Political representatives of the Serb minority were present on Tuesday in Vukovar to remember the city’s fall and occupation following the aggression started by the former Yugoslav army in 1991.
Paying respects to war victims and peace as a way of living always go together and anyone trying to separate the two is “seriously and unchristianly wrong,” Serb National Council president Milorad Pupovac said in Vukovar.
“I am here with the deputy prime minister and until recently president of the SNV, Boris Milosevic, to show that regardless of when and where we lay wreaths we do not divide the victims, we do not separate them,” he added while referring to all the victims as “our own.”
The Serbian president’s special envoy Veran Matic said he had come to Vukovar to pay respects to the victims, adding that he would be in the Remembrance Procession on Wednesday.
“I think it is very important for us to show respect for the victims and solidarity with the victims’ families,” said the Serbian president’s special envoy, Veran Matic, who came to Vukovar to pay his respects to the victims and confirmed he would be at the Remembrance Procession on Wednesday. “Joint commemorations like this can only help” in locating the missing persons, Matic added.
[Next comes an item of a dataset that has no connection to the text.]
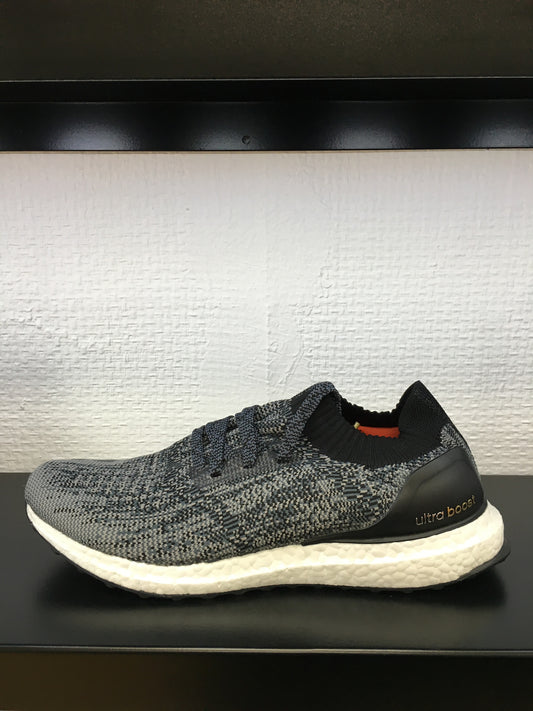 UltraBOOST Uncaged m (Black)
“I very much regret what happened to this town and its residents during the war years,” Matic said. After laying a wreath at the Ovcara war memorial, he knelt and prayed.
Prime Minister Andrej Plenkovic said in Vukovar on Tuesday that his government would persevere in the policy of interethnic reconciliation, co-existence and focusing on the future, noting that this policy was supported by 95% of Croatian citizens.